[WORK INSTRUCTIONS] What is needed is the exact text of each line in the listing below from the one with "Full bathroom with" up to and including the one with "a bedroom with a washer and dryer", and no pictures.

[SOURCE RECORDS]
******
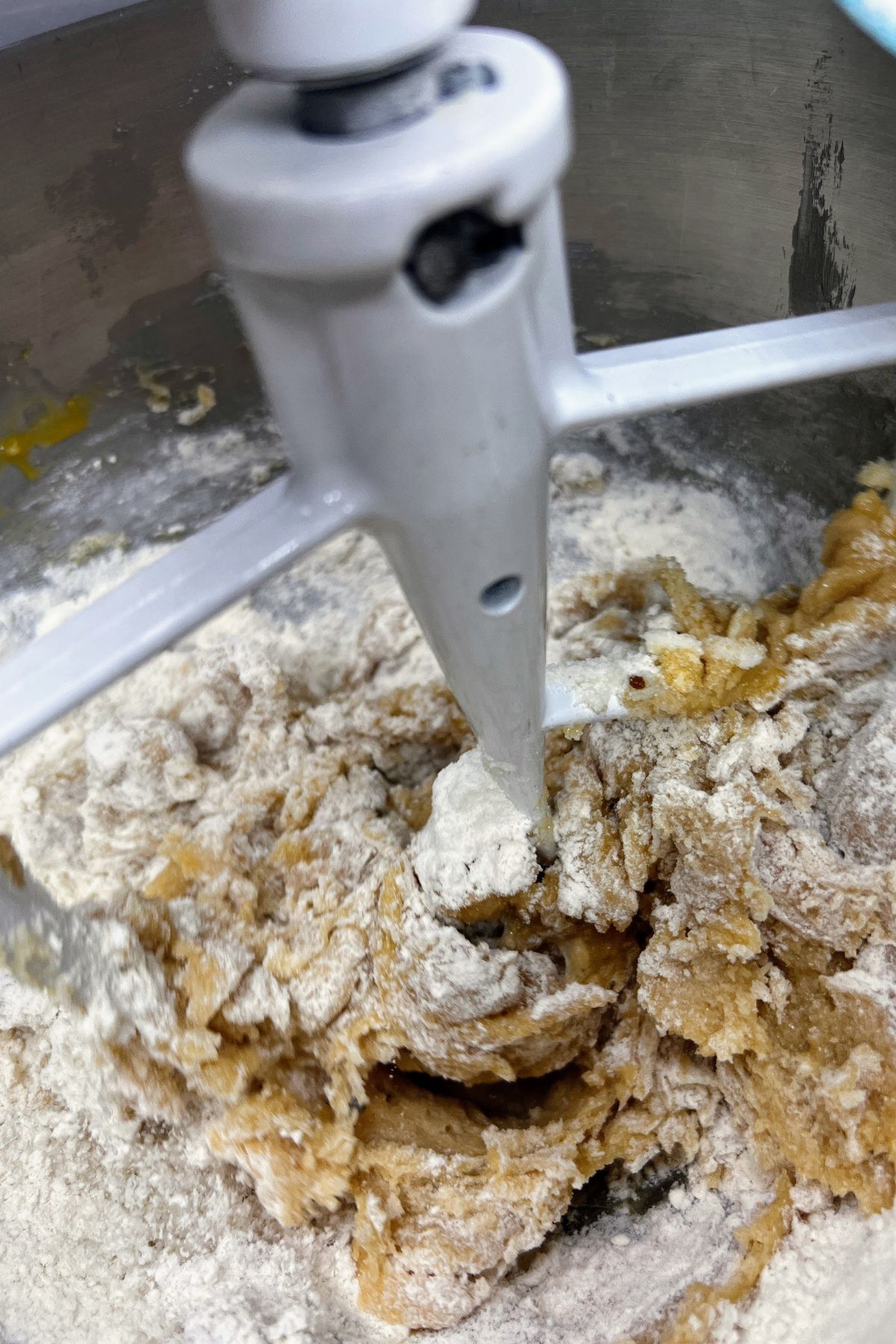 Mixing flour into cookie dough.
******
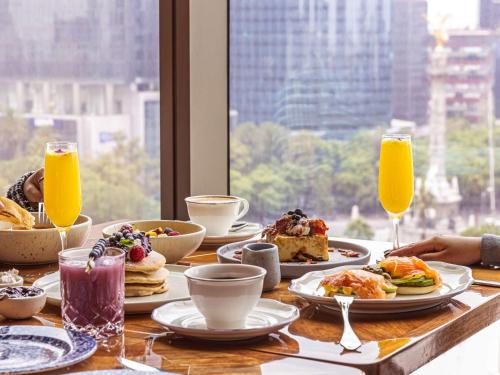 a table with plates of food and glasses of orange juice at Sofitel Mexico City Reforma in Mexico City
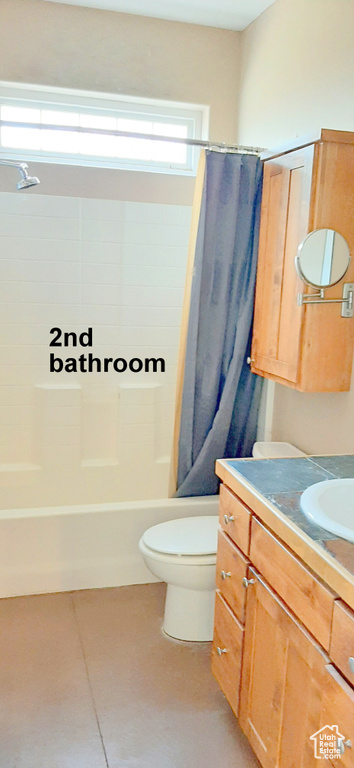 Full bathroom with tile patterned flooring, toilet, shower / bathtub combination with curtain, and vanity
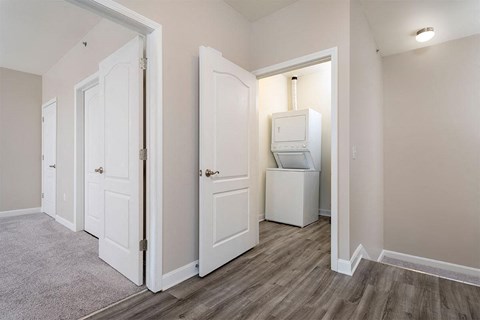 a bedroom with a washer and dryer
******
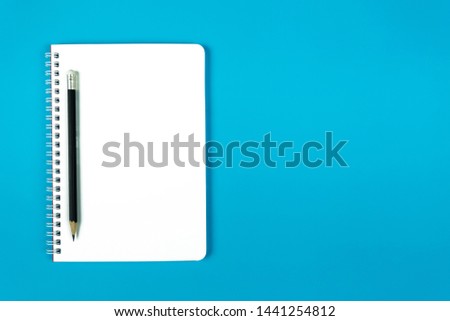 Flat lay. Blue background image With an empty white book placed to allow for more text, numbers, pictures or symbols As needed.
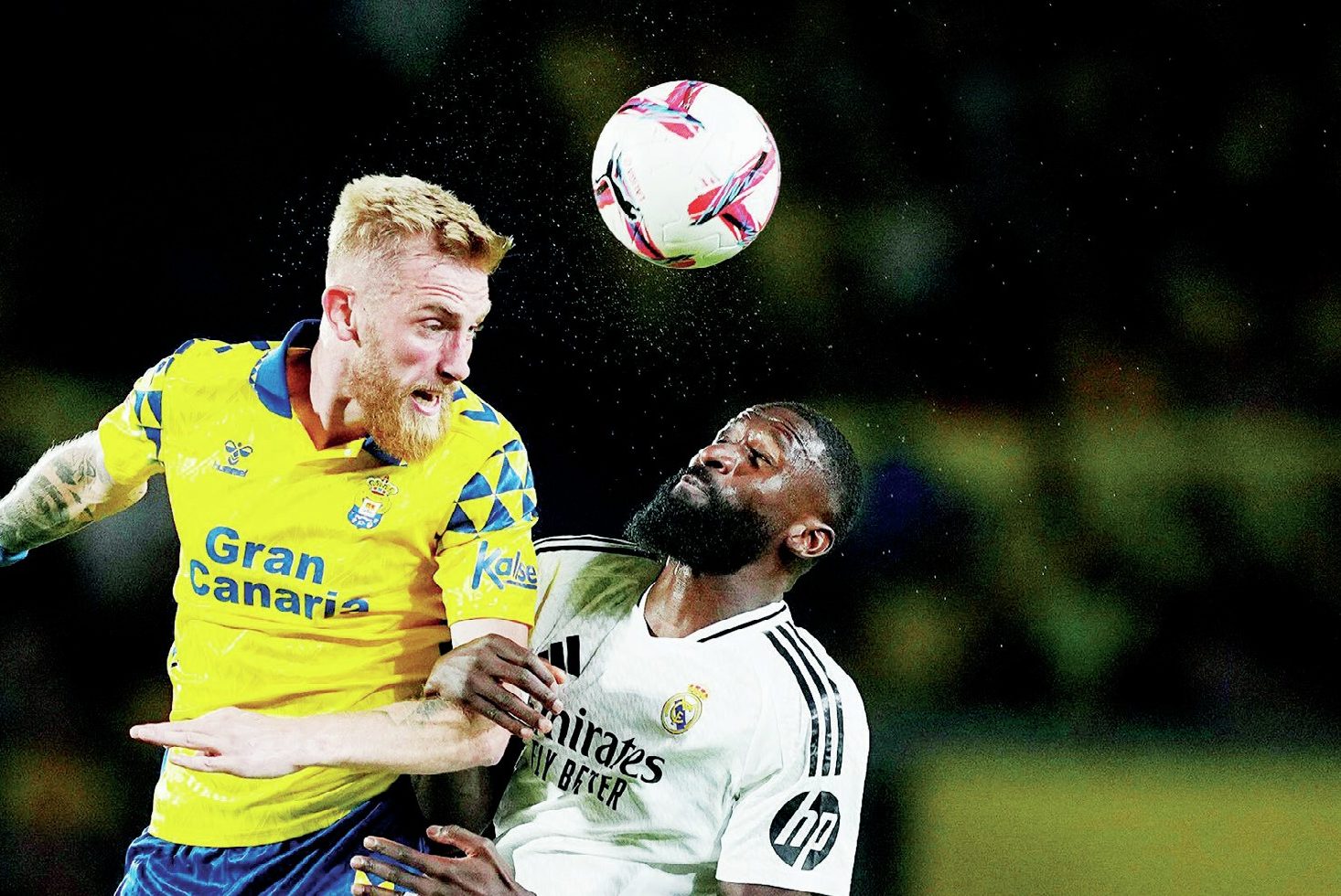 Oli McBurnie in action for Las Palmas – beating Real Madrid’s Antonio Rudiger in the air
******
[TASK ANSWER]
 Full bathroom with tile patterned flooring, toilet, shower / bathtub combination with curtain, and vanity
 a bedroom with a washer and dryer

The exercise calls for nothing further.